Figure 1:  Sample Survival Function Plot  


What a simple survival analysis graph shows, simply, is the time-to-event of death in a non-increasing line graph.  (The reason why the line is not described as decreasing is because there are times of plateaus or non-loss of a member from the original population.)  Another way to think about this is as a measure of attrition from a particular population over time.  Time may be measured as a continuous set of values or as discrete ones.  In this example, time is treated as discrete and measured in monthly units (more granularly measured time is not necessary in this example).  

The hazard function is seen to be non-decreasing and will trend up with cumulative hazard over time.  The “hazard” concept is something like “risk” based on empirical observations of events.  In a simple survival analysis model, hazard is a constant over time.  In real world contexts and more sensitive models, the hazard function changes over time and may increase or decrease.  (A classic example of a hazard curve is the "bathtub curve," which is intuitive and worth a look.)   

"Censoring"

So why don’t statisticians just use a normal linear regression to capture such changes over time?  The thinking is that survival analyses include "censored" data in the time-series analysis.  Data censoring refers to the dropout rate of persons in a survival analysis—due to the ending of the research period or a lack of follow-through of research participants with researchers; such normal random censoring is beyond the control of researchers.  Including censored data in a survival analysis helps mitigate "survivorship bias" in statistical analysis--or overweighting the effects of the data points that "survive" the research period and come to researcher attention but not counting or acknowledging the data that drops out of the study or is not considered or seen by the researcher. (Mitigating "survivorship bias" requires researchers to ask themselves to consider what data they're not seeing and not including when they design their research.)  

In this case, it helps to conceptualize a timeline with the past to the left and the future to the right.  Here, “left censoring” refers to the lack of knowledge of researchers of what has happened with participants before they were included in a study, and “right censoring” refers to the completion of the research before the individuals experience the event (non-survival in some cases).  After the research is complete, researchers will not be following up with the remaining or surviving participants and so do not know what happens to them (although they may be able to infer what will happen given the captured data from others in that particular cohort).  Research observations are censored when the data about their survival time is undetermined or incomplete.  This censoring information, even though it is a data limitation, provides richer real-world information for analysis.    

In the same way that all the population is alive at Time 0, there is a point in the future when the entire population is no longer present.  It is in the in-between time that there is research interest.  For example, there may be periods of intensification of non-survival ("critical phases")…or long periods of survival and non-events…or spates of censoring due to in-environment events or other factors.  

There are a variety of variations to these basics.  Besides censoring, research projects may have individuals enter at different times in what is known as staggered entry.  There are statistical methods to enable study of multiple events…in a survival analysis, and other insights.

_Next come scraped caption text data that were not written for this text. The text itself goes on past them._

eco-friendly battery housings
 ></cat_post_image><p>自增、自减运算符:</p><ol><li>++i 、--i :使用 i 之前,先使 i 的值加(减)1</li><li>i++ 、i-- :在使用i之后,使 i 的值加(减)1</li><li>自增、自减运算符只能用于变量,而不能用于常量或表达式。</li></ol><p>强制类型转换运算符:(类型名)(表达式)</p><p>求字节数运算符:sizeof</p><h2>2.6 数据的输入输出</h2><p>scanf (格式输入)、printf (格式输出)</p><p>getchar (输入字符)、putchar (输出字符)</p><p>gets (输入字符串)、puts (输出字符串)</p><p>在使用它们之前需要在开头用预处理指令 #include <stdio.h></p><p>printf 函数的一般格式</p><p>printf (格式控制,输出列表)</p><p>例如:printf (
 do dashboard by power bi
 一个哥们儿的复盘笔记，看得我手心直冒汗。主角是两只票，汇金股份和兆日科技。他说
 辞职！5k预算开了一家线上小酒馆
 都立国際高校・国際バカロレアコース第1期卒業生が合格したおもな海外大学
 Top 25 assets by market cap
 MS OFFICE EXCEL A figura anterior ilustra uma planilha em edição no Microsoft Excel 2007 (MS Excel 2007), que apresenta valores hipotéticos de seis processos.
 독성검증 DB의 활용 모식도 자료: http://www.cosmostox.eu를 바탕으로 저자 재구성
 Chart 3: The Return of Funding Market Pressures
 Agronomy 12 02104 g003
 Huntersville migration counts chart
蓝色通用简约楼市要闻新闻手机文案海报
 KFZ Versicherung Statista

For this work, a very basic survival analysis will be explored but with real-world and original data.  

Basic Data Elements of a Survival Analysis

To operationalize a survival analysis, researchers have to be able to define a few important elements.  So what basic data is needed in a survival analysis?  A researcher needs the following:  

a particular population (or phenomenon or object) to study,  
defined units of time (at what level of granularity), and 
what an “event” (non-survival, in the classic survival analysis sense) looks like (objectively).   

Time is the independent variable, and time-to-event is the random (outcome) variable.  There may be variables (called "covariates" in survival analysis) that affect survival outcomes:  positively or negatively, and to varying degrees. Some of these covariates may contribute to hazard, which decreases the time-to-event (or "non-survival").  Some covariates such as health interventions may lower hazard and increase the time-to-event (or "non-survival").  

Now that the basic elements have been explained, it is important to conceptualize “survival analysis” in other ways.  For example, it may be thought of as time-to-event.  


Various Applications of “Survival Analyses”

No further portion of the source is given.